Meta is working on Super Translator: This is the MMS project
Meta has presented an AI language model that is called Massively Multilingual Speech (MMS) and thus already expresses where its strengths should lie. Anyway, it’s not a ChatGPT clone.
In fact, MMS can recognize over 4,000 spoken languages and produce spoken text (text-to-speech) in over 1,100 languages. Meta remains true to its previous line and publishes the language model as open source, “so that other researchers can build on our work,” the company said in one go blog post.
According to Meta, MMS is primarily intended to “make a small contribution to preserving the incredible diversity of languages in the world”. Now it is initially just a matter of effort to train speech recognition and text-to-speech models such as MMS.
The more hours of audio training that can be fed with the accompanying transcripts, the better. But for languages that aren’t widely spoken in industrialized nations, or are even at risk of becoming extinct in the next few decades, “this data just doesn’t exist,” Meta says.
Editor’s Recommendations
Therefore, Meta took an unusual approach and took on the audio recordings of translated religious texts: “We turned to religious texts, such as the Bible, which have been translated into many different languages and whose translations have been extensively studied for text-based language translation research.”

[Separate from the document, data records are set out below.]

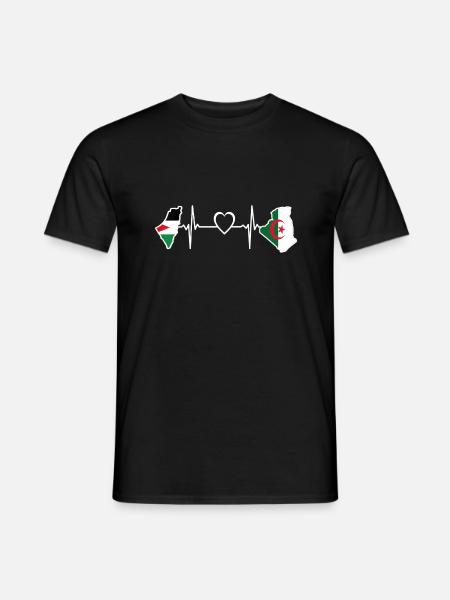 palestine algerie - T-shirt homme - noir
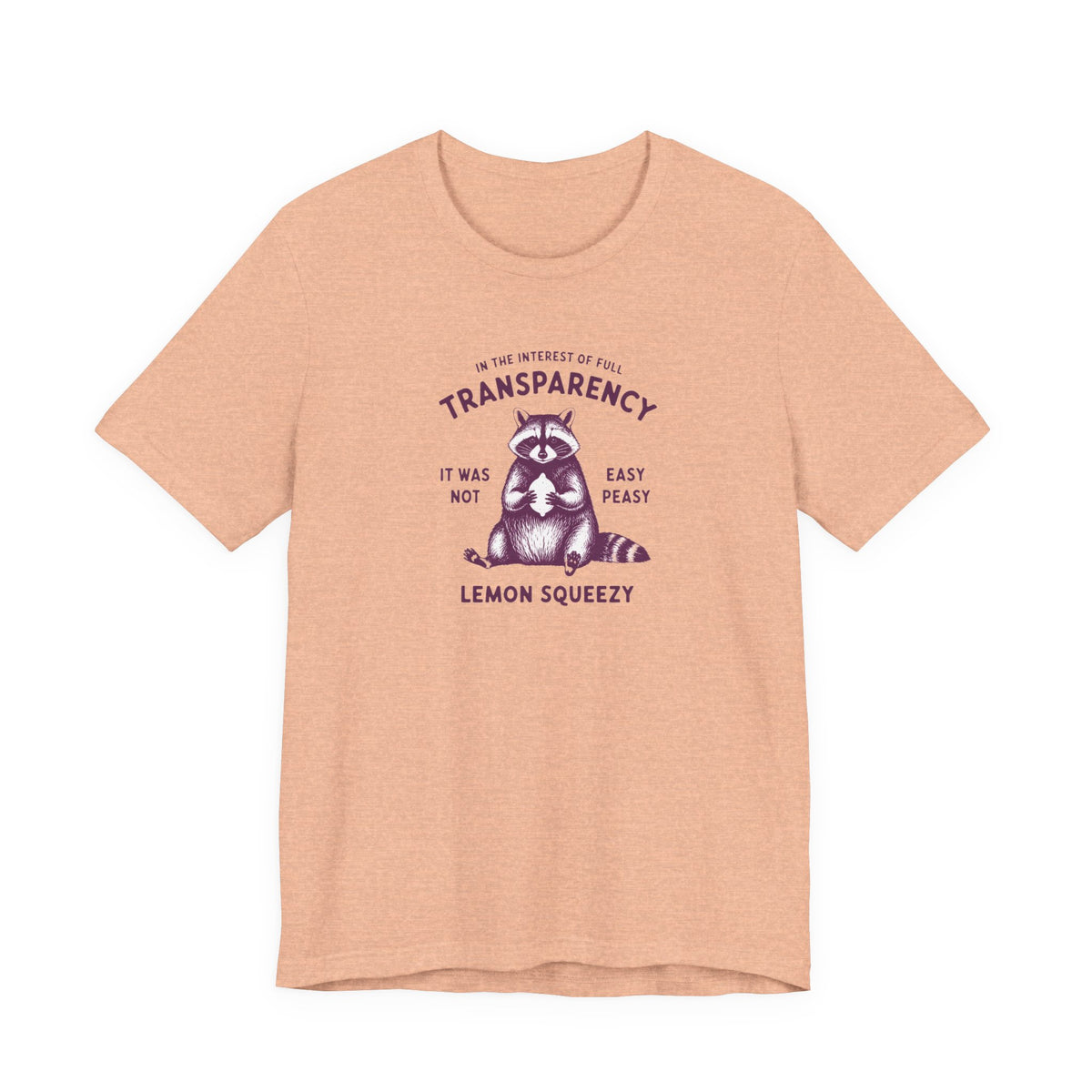 Full Transparency Raccoon - Corporate Humor T-Shirt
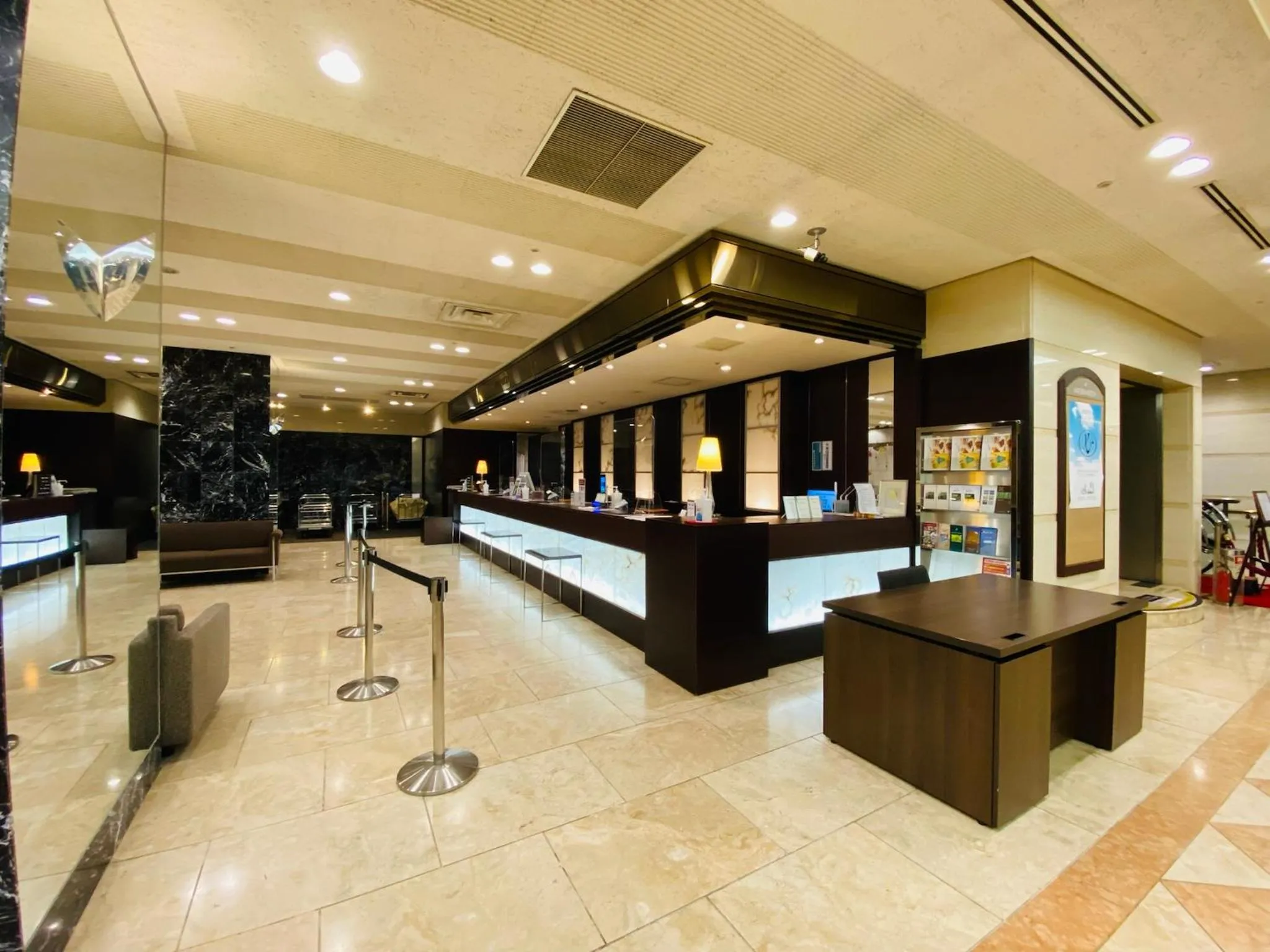 Lobby or reception in Koriyama View Hotel Annex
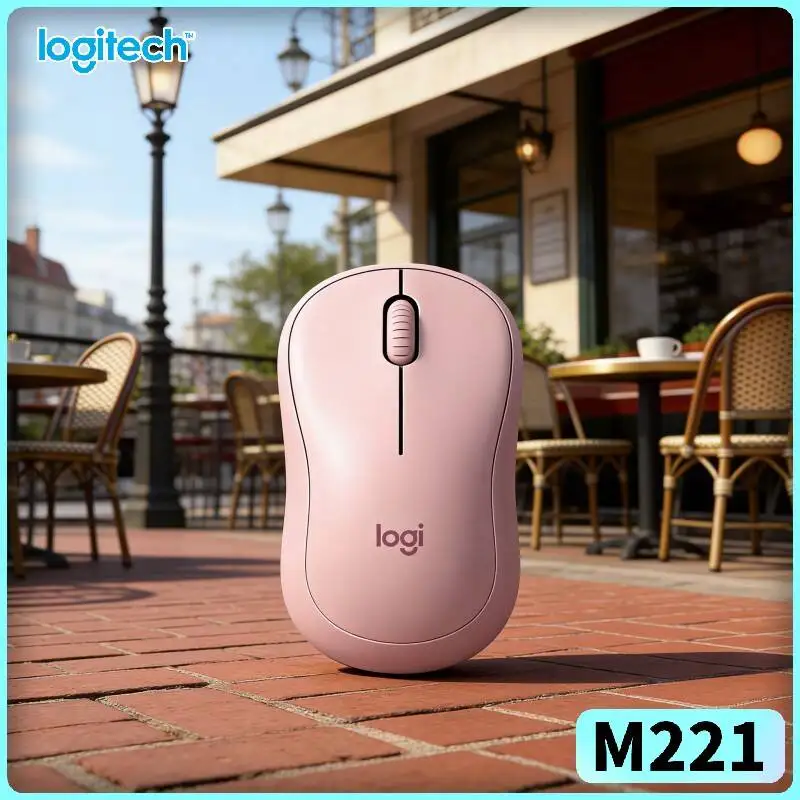 Logitech M221 Silent Optical Mouse - 10m Working Zone, Noise Stop Tech, Solid Signal, Windows Mac Chrome OS Laptops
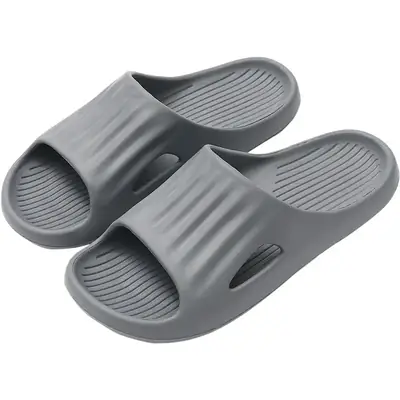 Men Winter Cotton Slippers Soft Indoor Home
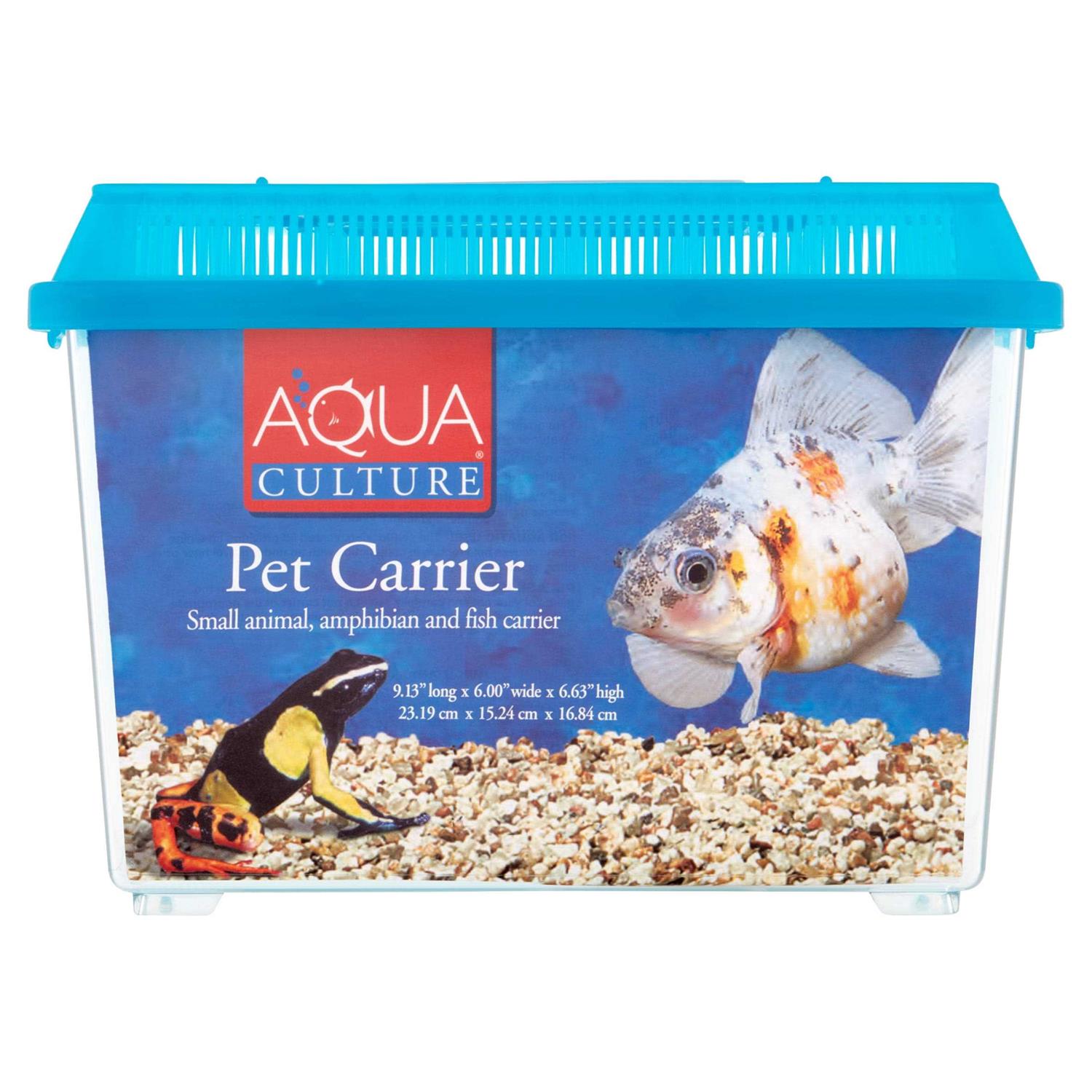 Aqua Culture Amphibians & Fish Pet Carrier for Small Animals - Healthber
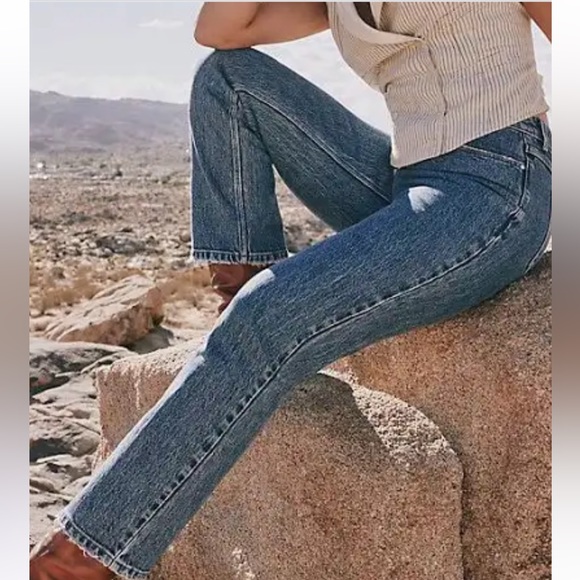 Wrangler Denim - WRANGLER High Rise Rodeo Straight Crop Jeans
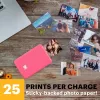 KODAK STEP Impressora fotográfica móvel instantânea - ZINK 2x3 polegadas - 1 ppm - Bluetooth - rosa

By including recordings from the Bible and similar texts, the AI experts from Meta succeeded in increasing the number of available languages of the model to over 4,000. In the end, however, there was neither a focus on ideological formulations nor on male speakers, as might be feared in view of the source material.
Meta attributes this to the fact that “we use a connectionist temporal classification (CTC) approach, which is much more constrained compared to large language models (LLM) or sequence-to-sequence models for speech recognition.”
Specifically, Meta compared its MMS to OpenAI’s Whisper and “found that models trained on Massively Multilingual Speech data achieve half the word error rate” and also cover “11 times more languages”.
By releasing MMS for open-source research, Meta hopes to reverse the trend that technology has limited the world’s languages to those most commonly supported by big-tech applications. This is a maximum of 100.
Meta says, “We envision a world where technology has the opposite effect, encouraging people to keep their languages alive because they can access information and use technology in their preferred language.”